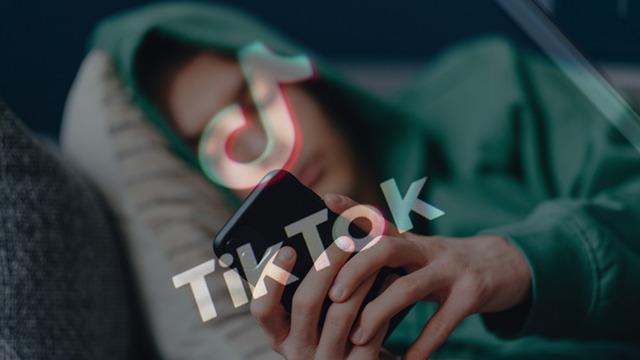 TikTok’tan yeni özellik: Uygulamadan meditasyon yaptıracak! Bu yeni hamle gençlerin ekran süresini azaltabilecek mi?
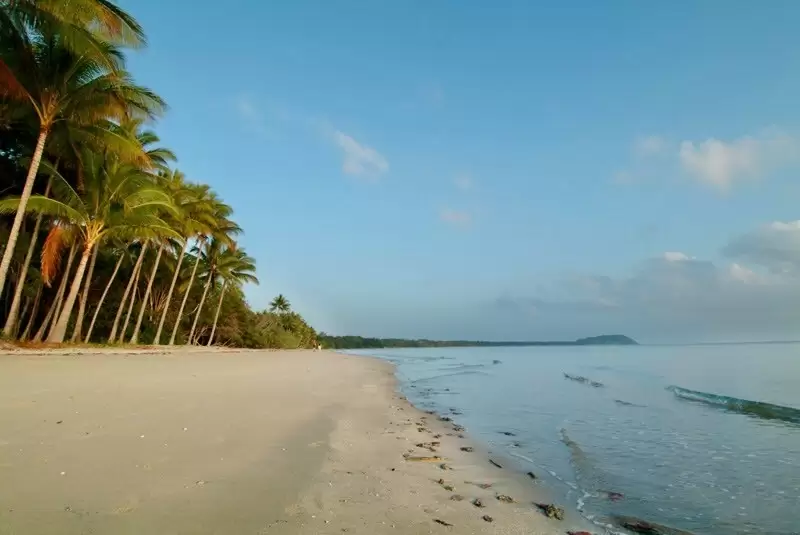 23 Solander Boulevard, Port Douglas Sold by Queensland Sotheby's International Realty - image 1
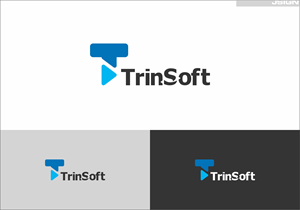 Logo Design by ArtGreat for TrinSoft | Design: #35835991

——

Output the full listing above exactly, excluding all pictures.

**ANSWER TO THIS TASK:**
 TikTok’tan yeni özellik: Uygulamadan meditasyon yaptıracak! Bu yeni hamle gençlerin ekran süresini azaltabilecek mi?
 23 Solander Boulevard, Port Douglas Sold by Queensland Sotheby's International Realty - image 1
 Logo Design by ArtGreat for TrinSoft | Design: #35835991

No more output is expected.